Samedi 4 janvier, après une première journée de débats chaotiques entre les députés, l’Assemblée nationale constituante tunisienne (ANC), où le parti islamiste Ennahda est majoritaire, a adopté les premiers articles de sa nouvelle Constitution.

Rejet de la charia

Selon les deux premiers articles inscrits dans la Constitution de 1959, non amendables, la Tunisie reste un État « libre, indépendant, souverain », où « l’islam est sa religion, l’arabe sa langue et la République son régime ». C’est un État à caractère « civil, basé sur la citoyenneté, la volonté du peuple et la primauté du droit ».

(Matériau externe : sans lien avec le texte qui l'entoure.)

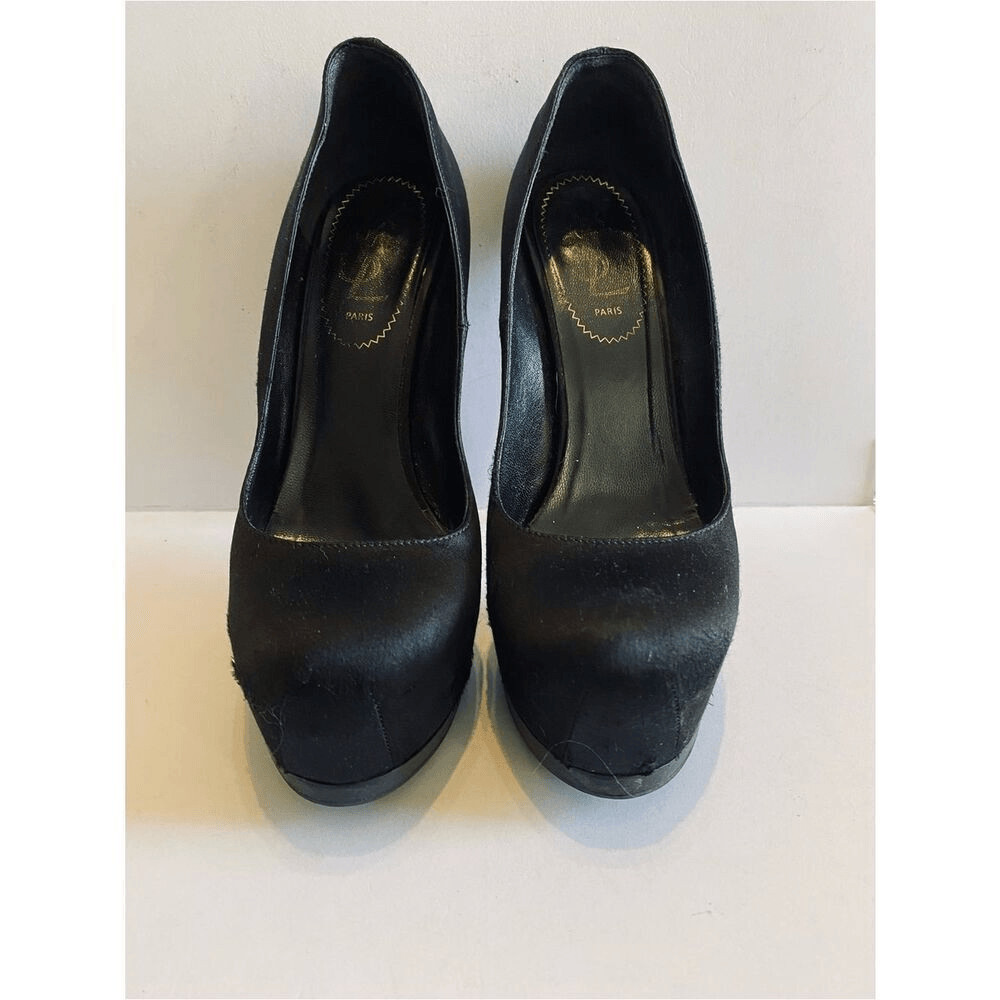 Yves Saint Laurent Black Satin Tribtoo 80 Heels Size 36.5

Alors que certains députés islamistes avaient déposé deux amendements dans le but de faire de l’islam ou du Coran et de la sunna – l’ensemble des paroles du prophète Mahomet, de ses actions et de ses jugements – la « source principale de la législation », ceux-ci ont été rejetés par l’Assemblée constituante. Il n’y aura donc pas d’application de la charia – la loi selon les préceptes islamiques – en Tunisie.

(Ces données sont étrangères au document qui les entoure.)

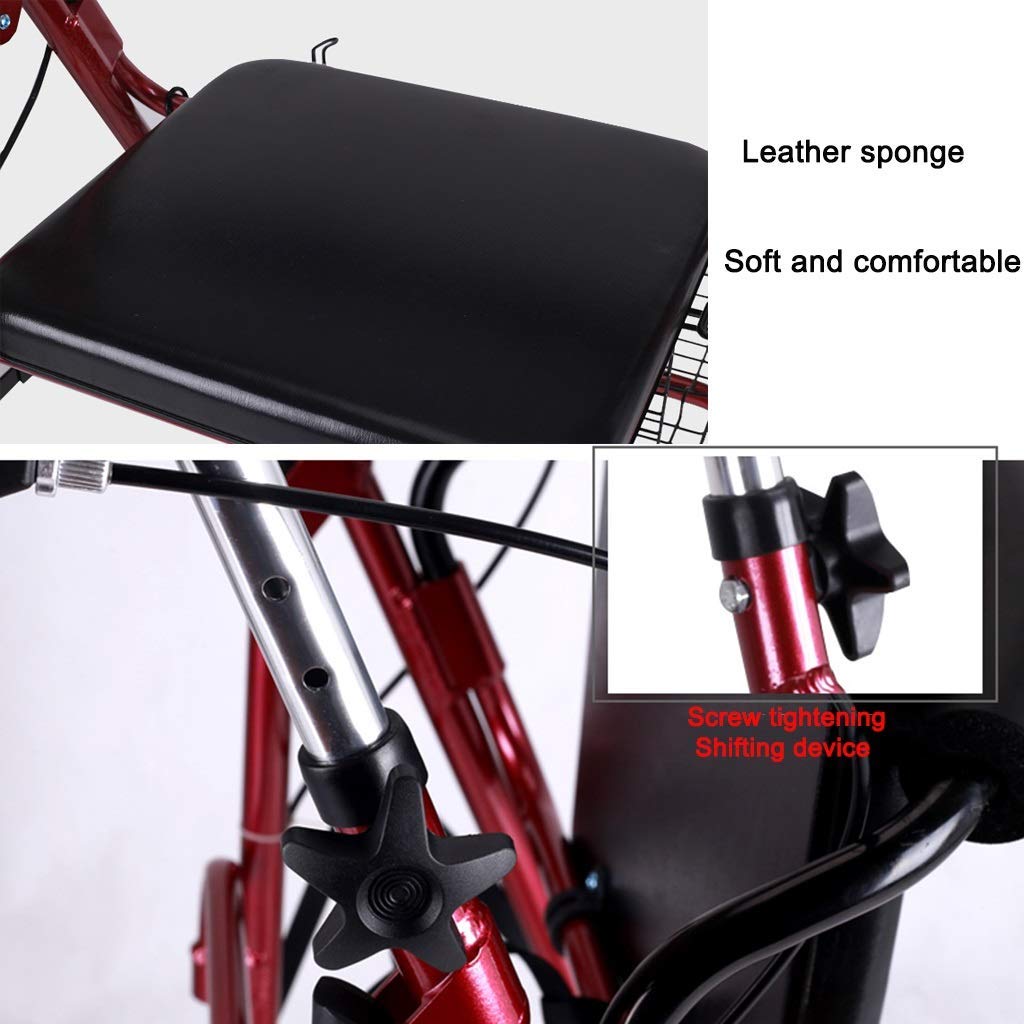 Deambulatori Deambulatore Andador Comodo Carrello Pieghevole per Anziani Walker in Lega di Alluminio Multi-Funzione Walker a Quattro Ruote Deambulatore Standard Walkers Comfortable Anniversary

L’État, garant de la liberté de conscience

L’ANC, qui a approuvé une quinzaine d’articles samedi, a également approuvé l’article 6 faisant de l’État tunisien le « garant de la liberté de conscience » et permettant de ce fait aux Tunisiens de se dire sans religion.

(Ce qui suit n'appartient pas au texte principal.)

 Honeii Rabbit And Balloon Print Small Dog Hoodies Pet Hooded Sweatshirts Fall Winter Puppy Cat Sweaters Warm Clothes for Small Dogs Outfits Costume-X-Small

Une liberté dénoncée par certains députés islamistes, qui ont estimé qu’elle permettrait « aux satanistes, à l’idolâtrie, d’organiser des manifestations publiques […] pour propager leurs croyances ».

L’article, qui garantit aussi les libertés de culte et la neutralité des mosquées de toute « instrumentalisation partisane », définit également l’État comme « protecteur du sacré » et « gardien de la religion ». Des formulations qui, selon certaines ONG, sont trop vagues et pourraient être sujettes à diverses interprétations.

Interdiction des accusations d’apostasie

Dimanche, après une heure de débats, la séance a dû être interrompue : un député de gauche a déclaré qu’il avait reçu des menaces de mort après qu’un élu du parti Ennahda l’a qualifié d’« ennemi de l’islam ».

Après des négociations houleuses entre les islamistes et l’opposition, un amendement à l’article 6 a finalement été adopté dimanche soir par 131 députés sur 182 votants, interdisant « les accusations d’apostasie [le fait de renier sa foi publiquement, ndlr] et l’incitation à la violence ». Une victoire pour l’opposition laïque, qui avait essuyé un premier rejet de cet article la veille.

Egalité entre citoyens et citoyennes

Après l’adoption des articles du premier chapitre de la Constitution, l’Assemblée constituante a entamé lundi l’examen du deuxième chapitre, concernant notamment les « droits et libertés » en Tunisie.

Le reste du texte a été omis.